« Les États-Unis feront sauter l’intégralité du champ gazier de South Pars » : avec ce message publié sur Truth Social, Donald Trump place d’un coup le Golfe face à une menace d’une extrême gravité. Derrière la violence des mots, un fait central : ce n’est pas une installation secondaire qui est visée, mais l’un des plus grands ensembles gaziers de la planète.
Trump assume une menace directe contre un site vital pour le marché du gaz
Dans son texte, Donald Trump affirme qu’Israël a frappé une grande installation liée à South Pars, en Iran, et que seule une partie limitée du site aurait été touchée. Il ajoute que Washington n’était pas au courant de cette attaque précise et présente le Qatar comme totalement étranger à l’opération.
Le cœur du message est ailleurs : Trump pose une ligne rouge. Il explique qu’il n’y aura pas d’autre attaque contre South Pars, sauf si l’Iran s’en prend de nouveau au Qatar. Dans ce cas, écrit-il, les États-Unis frapperaient l’ensemble du champ gazier. Ce n’est pas une formule abstraite. C’est une menace visant une infrastructure qui pèse lourd dans l’équilibre énergétique mondial.
« En réalité, ce gaz profite d’abord aux grands pays importateurs d’Asie, surtout la Chine, l’Inde et la Corée du Sud, ainsi qu’aux marchés européens. Les États-Unis ne figurent pas parmi les acheteurs centraux : ils sont surtout un rival du Qatar sur le marché mondial du GNL. »

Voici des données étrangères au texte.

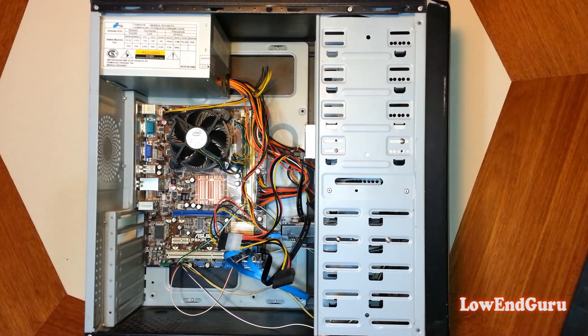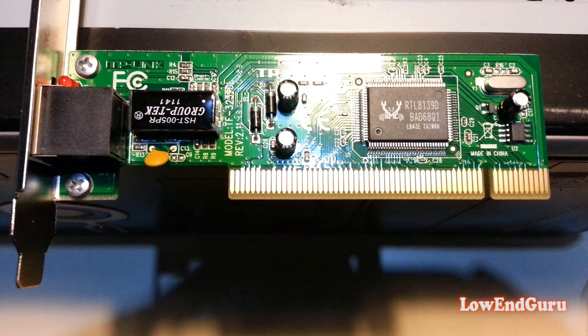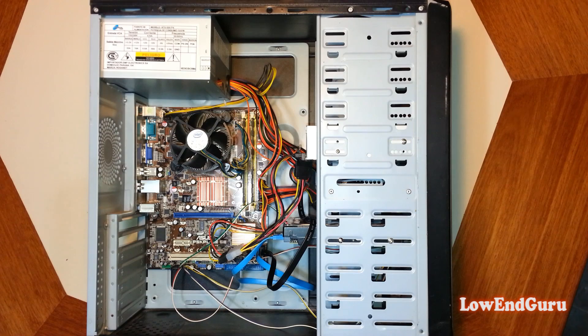Identify the available slots in the motherboard. Here we see an available PCI Express and a regular PCI. In this example I'll be installing a regular PCI network card.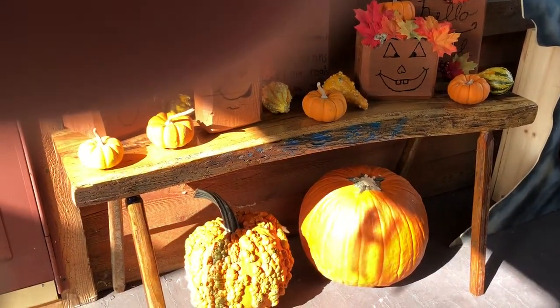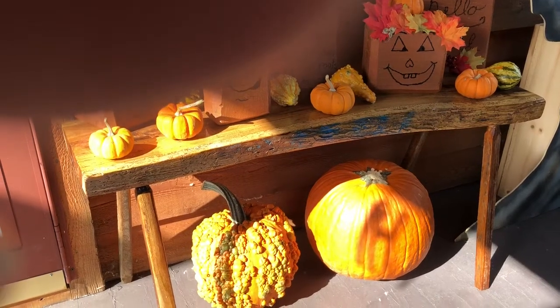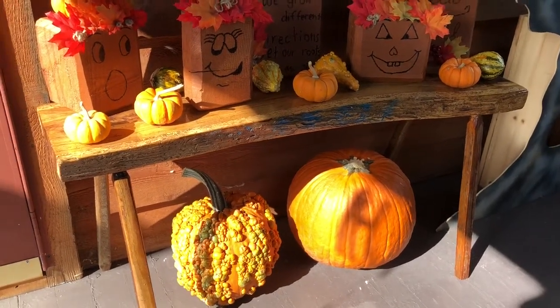The other bench top that matches this, I'm gonna put a different style leg on it. It's gonna be more of a rock-solid, sitting-down bench instead of just a display piece. All right everybody, take care.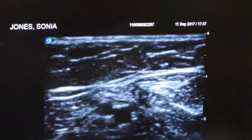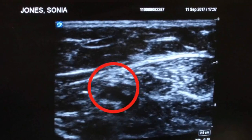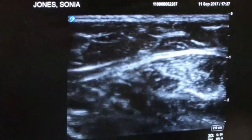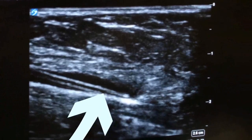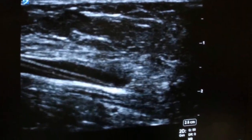Another way to confirm placement is to see fluid — here visible as bubbles — flowing into the venous lumen. If necessary, placement can be confirmed by turning the probe 90 degrees so that it is oriented longitudinally with the needle. The needle is a bright, linear structure within the venous lumen, and both are visible going from side to side on the monitor.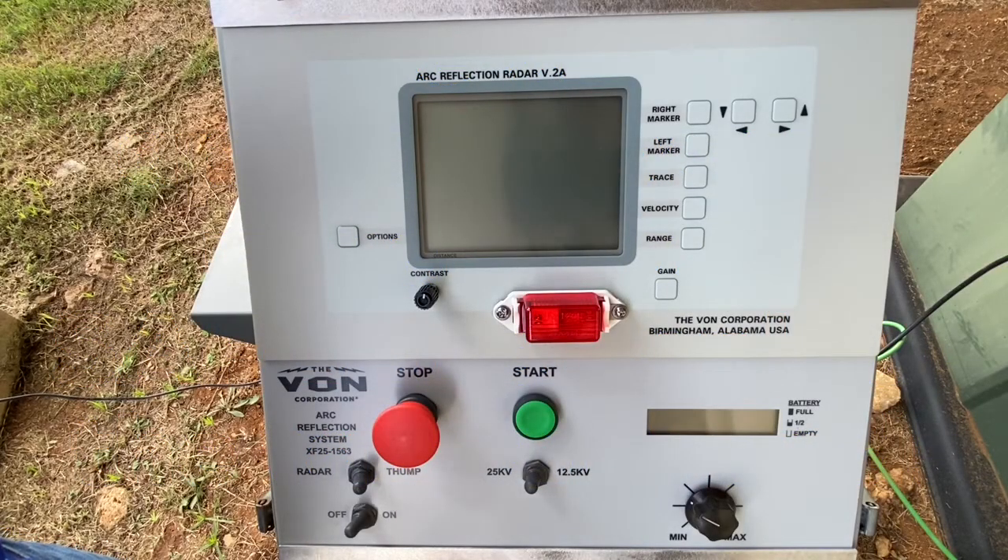This is the Vaughan Corporation's video on how to fault locate on an isolated spanic cable using the XF series.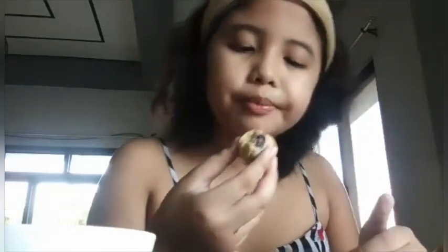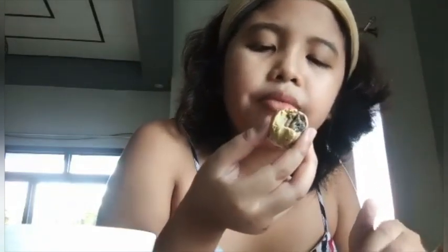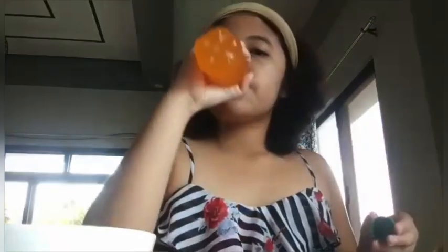So delicious! I love this. I don't prefer to eat the bottom part of it, but it's up to you if you want to eat it. So guys, let's just use this juice. That is from my balut — it's kind of little because it's a Chinese egg.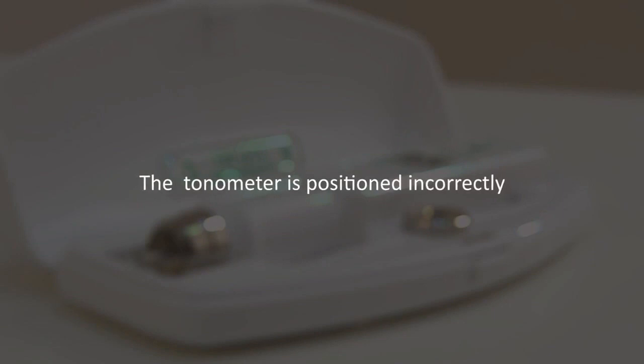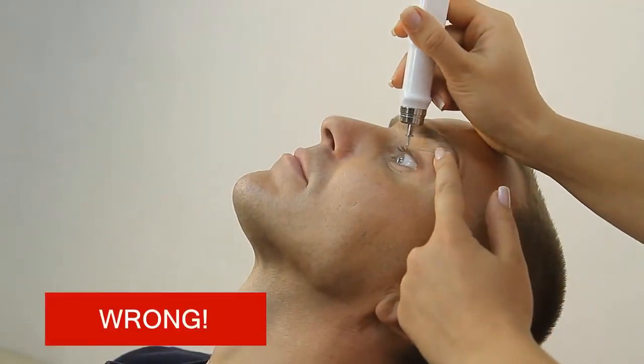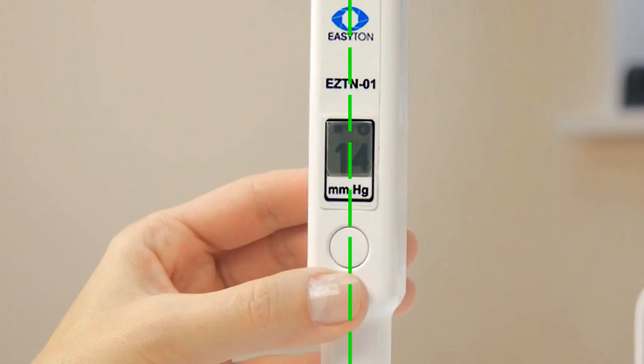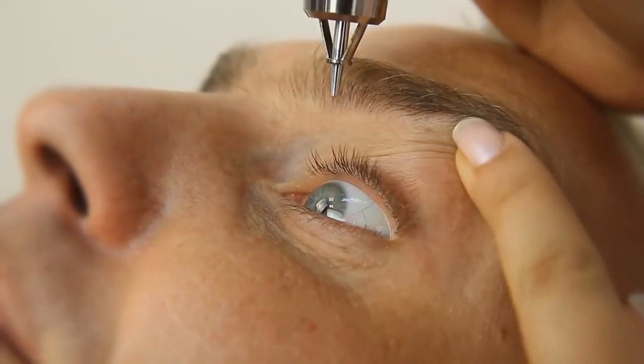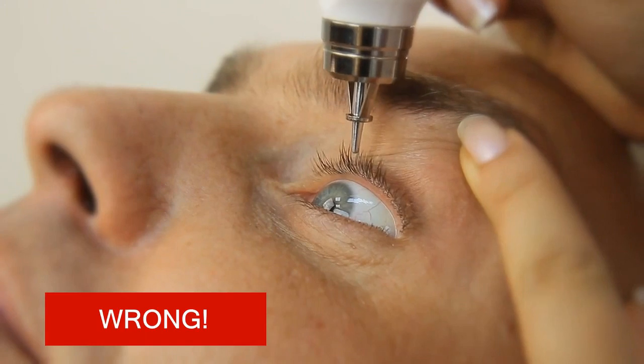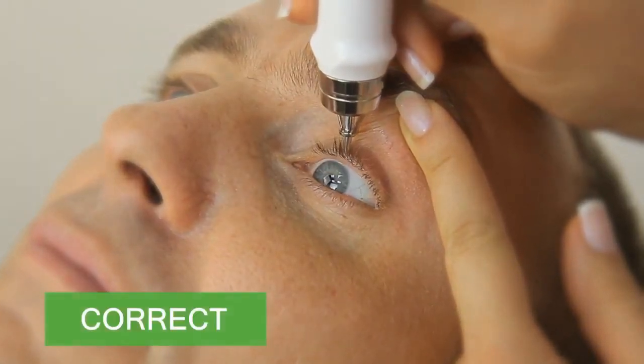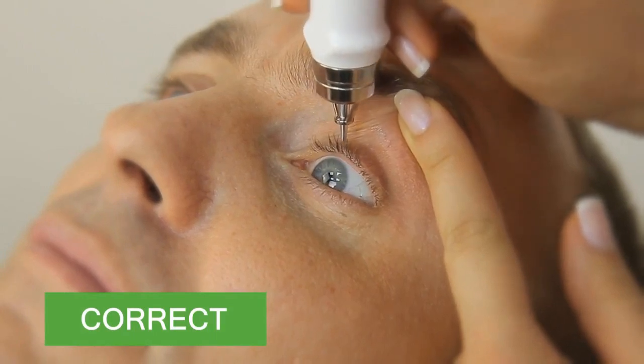The tonometer is positioned incorrectly — the tonometer body deviates from vertical position. The measuring is only done when the tonometer is placed upright. The tonometer is lowered too far down and the protective ring touches the eyelid. The protective ring should not touch the eyelid during measurement, but be placed 2 to 3 mm above the eyelid surface.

En menaçant South Pars, Donald Trump ne vise pas seulement l’Iran. Il place aussi sous pression une infrastructure dont dépendent des acheteurs majeurs en Asie et, dans une moindre mesure, en Europe. Autrement dit, il menace un point d’appui essentiel de l’approvisionnement gazier international.
En creux, la séquence ressemble à une pression adressée aux alliés de Washington, en particulier européens : après avoir essuyé des refus sur le détroit d’Ormuz, Trump menace un site gazier dont les conséquences se feraient sentir bien davantage en Europe et en Asie qu’aux États-Unis.
South Pars, un nom peu connu du grand public mais central pour l’énergie mondiale
Pour beaucoup de lecteurs, South Pars reste un nom lointain. En réalité, il s’agit d’un gisement gazier partagé entre l’Iran et le Qatar, dont la partie qatarie est connue sous le nom de North Dome. C’est un peu le cœur battant du gaz dans le Golfe : quand il vacille, les marchés écoutent immédiatement. La frappe rapportée contre une installation liée à ce site a d’ailleurs nourri les inquiétudes sur l’énergie et les approvisionnements.
Vu de France, le sujet peut paraître lointain. Il ne l’est pas vraiment. Le gaz naturel liquéfié qatari occupe une place importante dans les flux énergétiques mondiaux. Menacer South Pars, c’est menacer un nœud stratégique, comme si l’on brandissait la possibilité de faire sauter un échangeur autoroutier au milieu du trafic mondial.
Max Blumenthal accuse Trump de mentir pour calmer les marchés
Sur X, Max Blumenthal a livré une lecture beaucoup plus brutale de la séquence. Selon lui, Trump aurait approuvé la frappe israélienne sur South Pars avant de prendre ses distances une fois la riposte iranienne enclenchée, dans le but de calmer les marchés de l’énergie. Il va jusqu’à le décrire comme un simple exécutant politique de Benyamin Netanyahou.
« Tout le monde sait que Trump a approuvé la frappe terroriste israélienne sur South Pars, déclenchant la riposte iranienne qui fera grimper les prix de l’énergie à l’échelle mondiale Maintenant qu’il a repris l’ascendant sur l’escalade, Trump ment pour apaiser les marchés Il n’a aucune idée de ce qu’il faut faire, à part servir de majordome à Netanyahu«
Une parole qui dépasse le simple coup d’éclat
Ce type de déclaration ne reste pas suspendu dans le vide. Quand un responsable politique américain menace publiquement un site comme South Pars, il envoie un signal à plusieurs destinataires en même temps : à Téhéran, à Doha, à Israël, mais aussi aux marchés. Le message est simple : si les installations qataries sont de nouveau visées, la réponse promise serait d’une tout autre ampleur.
C’est là que cette publication devient plus qu’un simple coup de menton. Elle touche à une réalité concrète : dans le Golfe, les infrastructures gazières ne sont pas seulement des outils économiques. Elles sont aussi des leviers de puissance, des symboles de souveraineté et, en période de crise, des cibles potentielles.